A posição destoa da jurisprudência consolidada do Tribunal, que usualmente decide no sentido de conceder judicialmente a realização de procedimentos de saúde necessários, ainda que não previstos no rol, desde que haja respaldo em evidências científicas.
No caso do REsp. n. 1.733.013, a segurada da operadora teve um procedimento cirúrgico na coluna negado por não constar no rol da ANS. Na decisão recorrida, o Tribunal de Justiça do Paraná entendeu que, em havendo procedimento semelhante, com eficácia comprovada, a negativa é justificada, ainda que o médico responsável pela paciente tenha expressamente indicado outro procedimento.
Para a ANS, considerar o rol exemplificativo impõe uma condição de insegurança no tocante ao equilíbrio econômico-financeiro do sistema de saúde suplementar, considerando o possível efeito cascata de ações judiciais.
Segundo o IDEC (Instituto Brasileiro de Defesa do Consumidor), trata-se de decisão prejudicial aos consumidores e representa uma guinada em posicionamentos anteriores da Corte.

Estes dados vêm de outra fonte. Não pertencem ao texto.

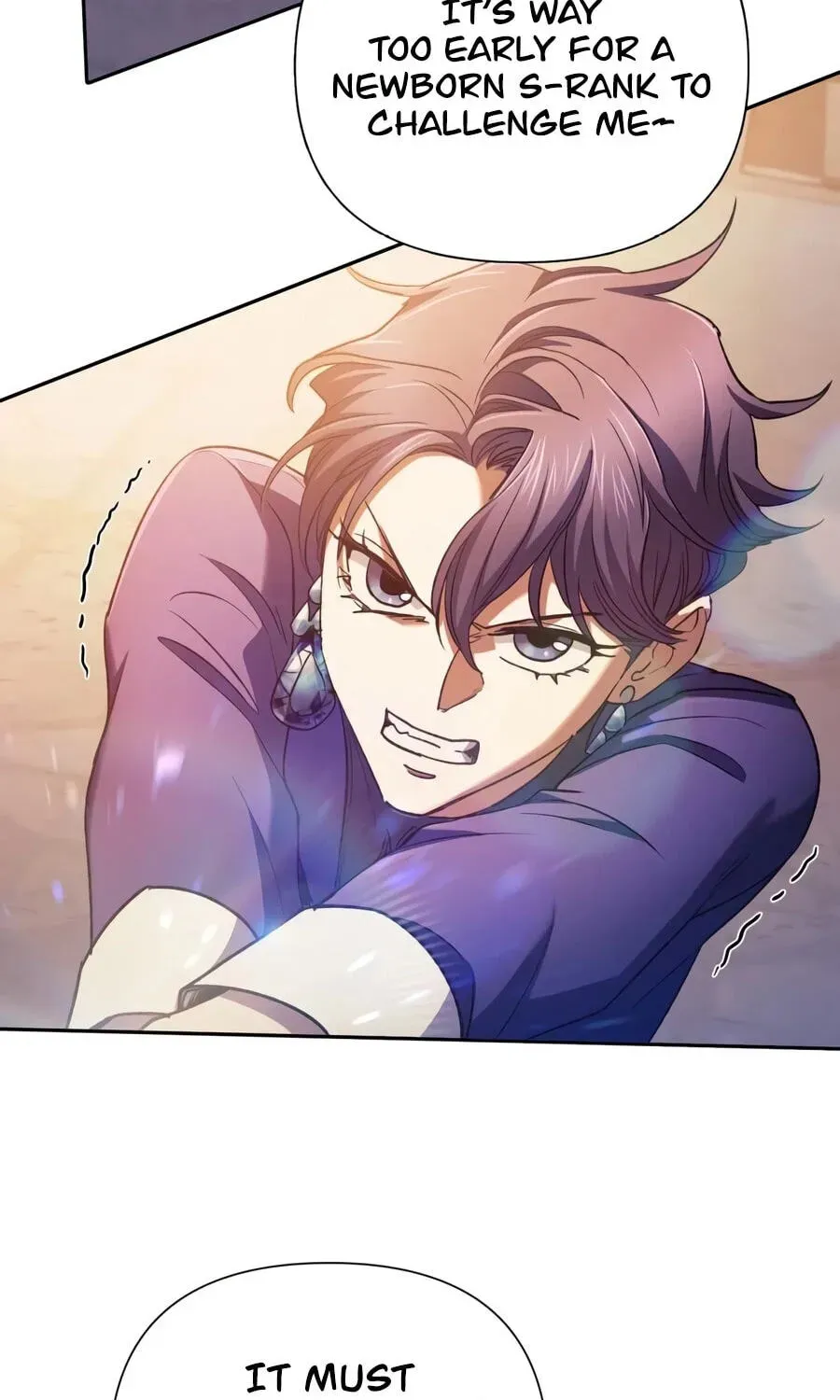 Read My S-Class Hunters chapter 168 image 141 on Lezhin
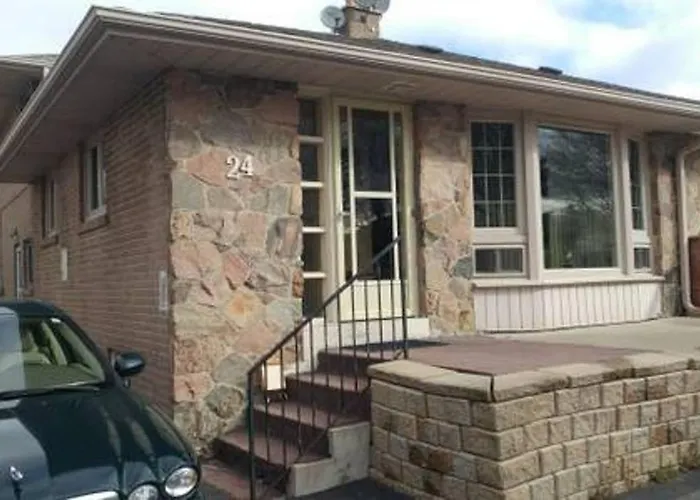 Freeda'S Place Toronto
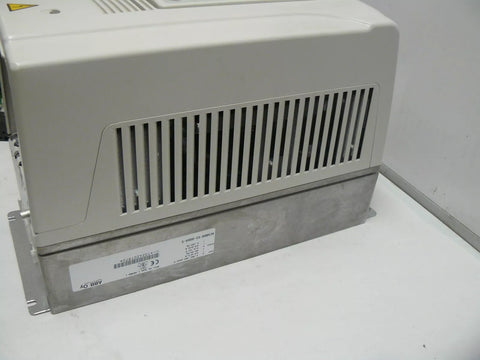 ABB ACS800-U1-0004-5 +CDP 312R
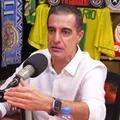 Ex-técnico do Bahia nega ranço com torcedor e revela "briga" por Cauly imagem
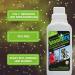 BIONICDRY 2-IN-1 Detergent 500ml - Neutral Formula for All Fabrics | Eco-Friendly & International Shipping - Buy Online on SooperMarket.com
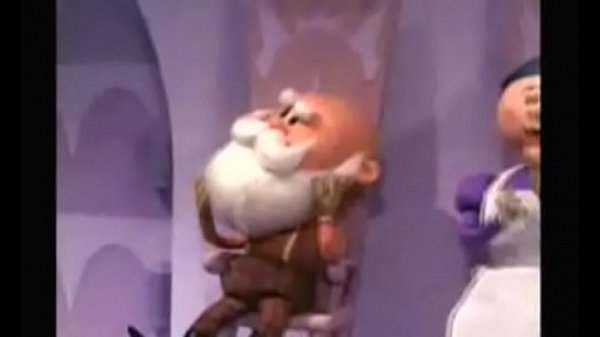 Rudolph the Red-Nosed Reindeer (1964)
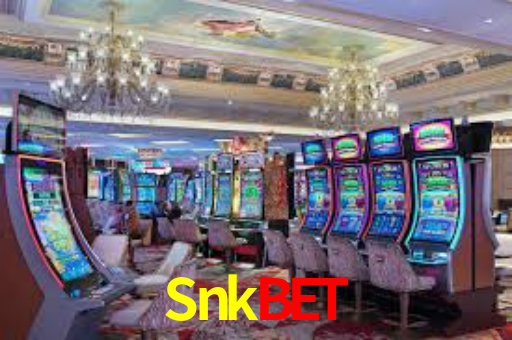 Melhor Casino Online Snkbet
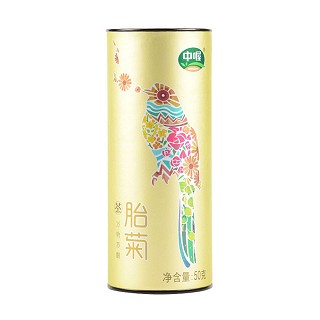 中喔 胎菊茶(中喔)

No voto, o ministro Luis Felipe Salomão destacou a ciência a respeito da existência de precedentes na 3ª Turma do STJ, no sentido de que o rol da ANS seria exemplificativo. No entanto, ao ponderar os efeitos econômicos de um rol meramente exemplificativo, o relator defendeu a necessidade de previsibilidade econômica às operadoras dos planos, como forma de viabilizar um acesso mais amplo da população à cobertura de saúde suplementar.

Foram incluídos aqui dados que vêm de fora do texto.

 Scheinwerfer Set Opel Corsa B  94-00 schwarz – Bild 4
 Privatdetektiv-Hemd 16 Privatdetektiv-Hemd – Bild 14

Ao fim, o julgador destaca que, em situações pontuais, o posicionamento do Poder Judiciário pode e deve ser diferente, desde que haja decisão fundamentada no sentido de garantir procedimento efetivamente imprescindível ao usuário do plano de saúde.
É possível que o tema volte a ser discutido na 2ª Seção da Corte, já que se espera um posicionamento divergente na 3ª Turma. Nesse sentido, é importante que os consumidores e as operadoras de planos de saúde permaneçam atentos até que haja uma sedimentação vinculante do tema no STJ.

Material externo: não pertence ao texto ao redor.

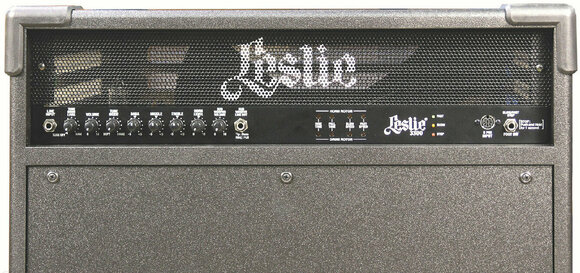 Keyboard Amplifier Leslie 3300P - 2
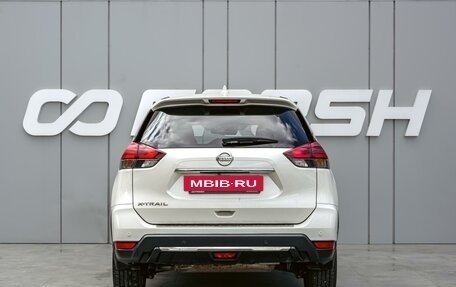 Nissan X-Trail, 2019 год, 2 640 000 рублей, 4 фотография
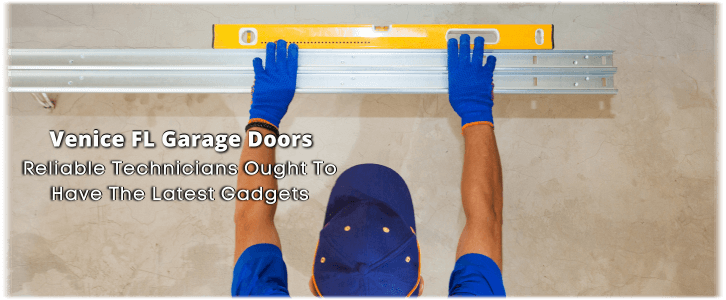 Garage Door Installation Venice FL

No meio tempo, como forma de evitar disputas judiciais, os consumidores devem se atentar ao disposto nos contratos com as operadoras, notadamente no que se refere às exclusões expressas. Assim, reduz-se consideravelmente os riscos de uma eventual negativa infundada por parte das operadoras de planos de saúde. Diante das cautelas sugeridas, caso a negativa ocorra, o consumidor deve buscar a reversão da decisão judicialmente, por meio de um advogado ou uma advogada de sua confiança.